At the hearing on the motion for reconsideration, the executive vice president of Max Flow, John Garzone, explained that due to accounting principles, sellers are not always able to sell accounts as soon as they receive bankruptcy notification. Explanations of the Purchase Agreement and Interim Agreement were also submitted to the Bankruptcy Court. Garzone also testified that he was unaware of issues in the O'Dell case until he was given the Bankruptcy Court's opinion. According to Garzone, upon investigating the matter, Max Flow discovered that it had been the owner of the account since February of 1998, as evidenced by a bill of sale. Garzone identified for the Bankruptcy Court the computer file for the record and pointed out the reference to the O'Dell account within the file.

The Bankruptcy Court denied the motion for reconsideration, concluding that there was no basis to consider the new evidence under the standard for newly discovered evidence of Bankruptcy Rule 9024 (an adoption of Federal Rule of Civil Procedure 60(b)). The Bankruptcy Court then proceeded to review the evidence at the hearing and concluded that Max Flow did not own the claim.

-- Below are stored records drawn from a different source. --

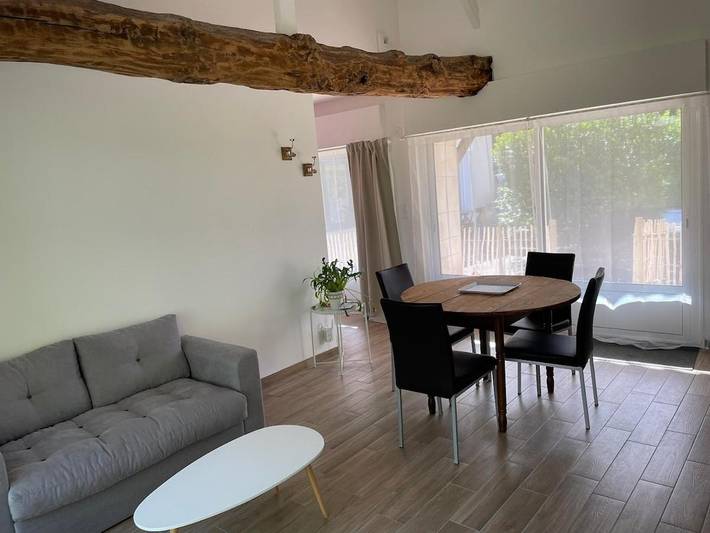 Appartement de vacances pour 2 personnes, avec terrasse et jardin, animaux acceptés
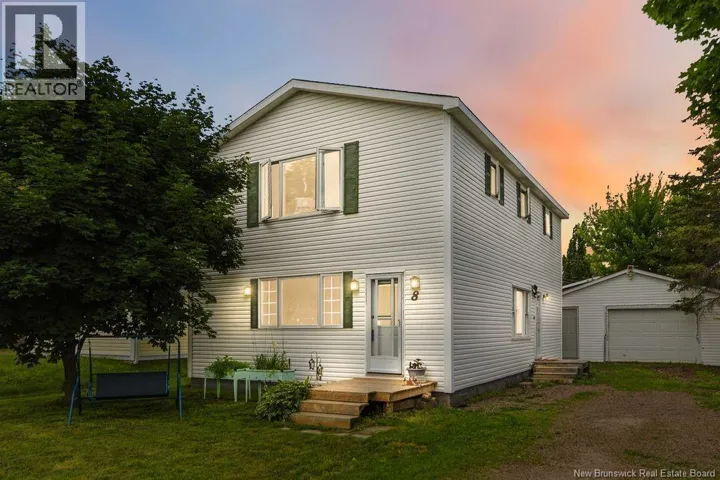 8 Hillside Street, Pointe-Du-Chêne, New Brunswick E4P4M2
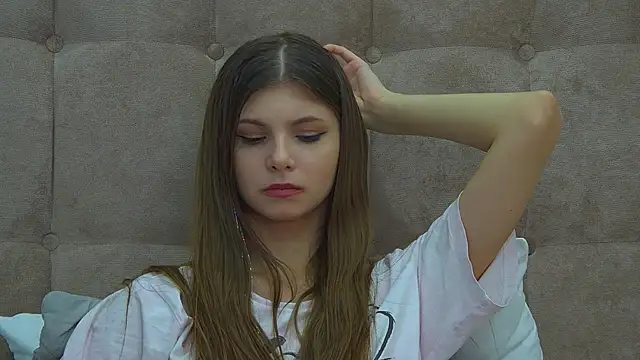 AudreyBarlow online show from February 2025 05:39:02 PM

The Bankruptcy Court refused to hear additional testimony concerning the provisions of the Interim Agreement relative to ownership of the claim by Max Flow, concluding that Max Flow had not bought the claim.

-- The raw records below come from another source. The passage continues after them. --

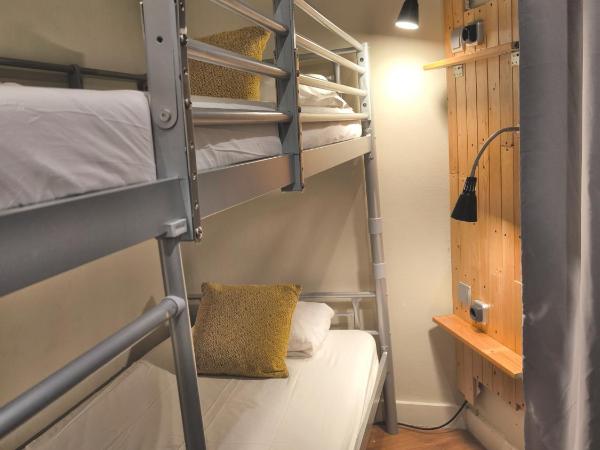 Wow Hostel Barcelona : photo 2 de la chambre chambre lits jumeaux Économique avec salle de bains commune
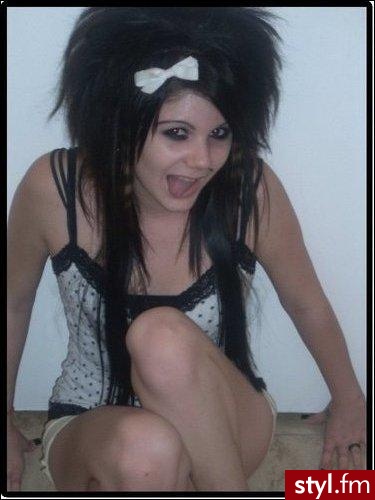 Jeśli zdjęcie już jest w galerii podaj link to usunę :) - EMO Alternatywne Średnie Fryzury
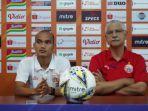 pelatih-kepala-persija-jakarta-edson-tavares-dan-riko-simanjuntak.jpg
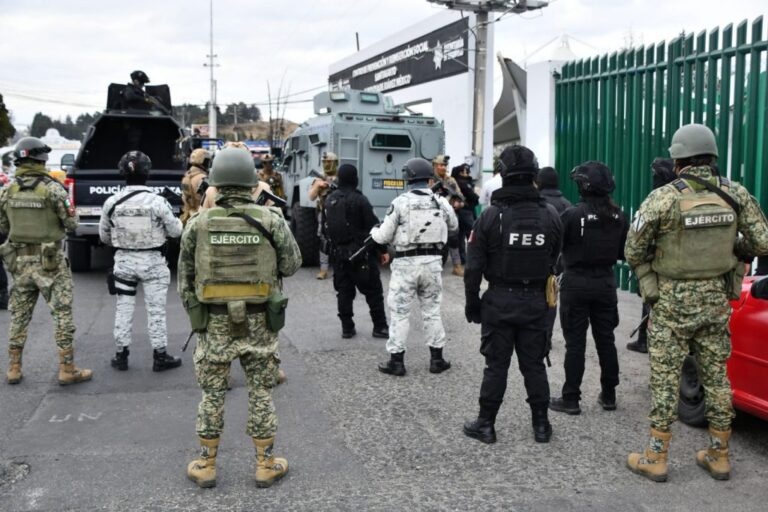 Sentencian a 18 funcionarios mexiquenses detenidos en Operación Enjambre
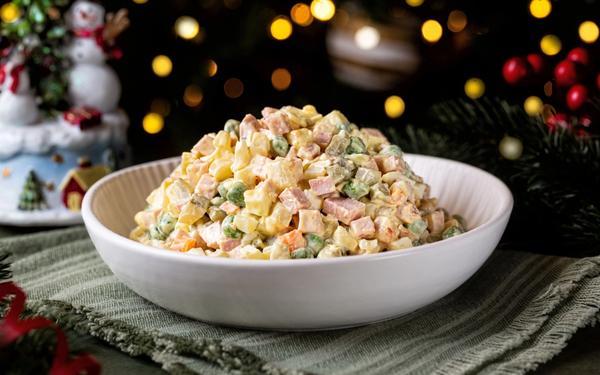 Salade russe (légumes, mayonnaise, petits pois, mortadelle et œufs)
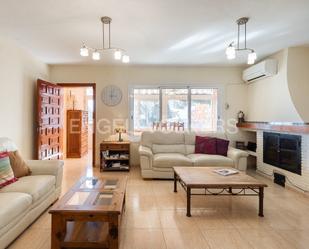 Living room of House or chalet for sale in Alcalà de Xivert  with Air Conditioner, Terrace and Swimming Pool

The Appellees appealed to the United States District Court for the Northern District of Alabama, and Debtors filed a Motion to Dismiss the appeal for lack of jurisdiction. The District Court reversed the Bankruptcy Court,5 and in its Final Order declared all outstanding motions (including the Debtors' Motion to Dismiss) moot by the entry of this Final Order.6 The Debtors appeal. For the following reasons, we will affirm in all respect the order of the District Court.

II.

As was at issue before the District Court, the sole issue before us is whether a loan servicer is a "real party in interest" with standing to conduct, through licensed counsel, the legal affairs of the investor relating to the debt that it services. We answer this question in the affirmative. We review the Bankruptcy Court's factual findings for clear error, and review the District Court's conclusions of law de novo. In re Fretz, 244 F.3d 1323, 1326 (11th Cir.2001); In re Englander, 95 F.3d 1028, 1030 (11th Cir.1996).

We have jurisdiction over Debtors' appeal pursuant to 28 U.S.C. § 158(d) ("The courts of appeals shall have jurisdiction of appeals from all final decisions, judgments, orders, and decrees entered under subsections (a) and (b) of this section."). See also In re F.D.R. Hickory House, Inc., 60 F.3d 724, 727 (11th Cir.1995) (discussing the more flexible standard of finality in appeals in bankruptcy orders: "we will review immediately `even an order of marginal finality ... if the question presented is fundamental to further conduct of the case.'") (citation omitted). It has previously been established by this Court that a Bankruptcy Court order which disallows a claim constitutes a final order which is appealable to both the District Court and the Court of Appeals. In re Six, 80 F.3d 452, 455 (11th Cir.1996) ("In the bankruptcy proceedings, the bankruptcy judge sustained [the debtor's] challenge to [the creditor's] claim and disallowed it. That was a final order and was...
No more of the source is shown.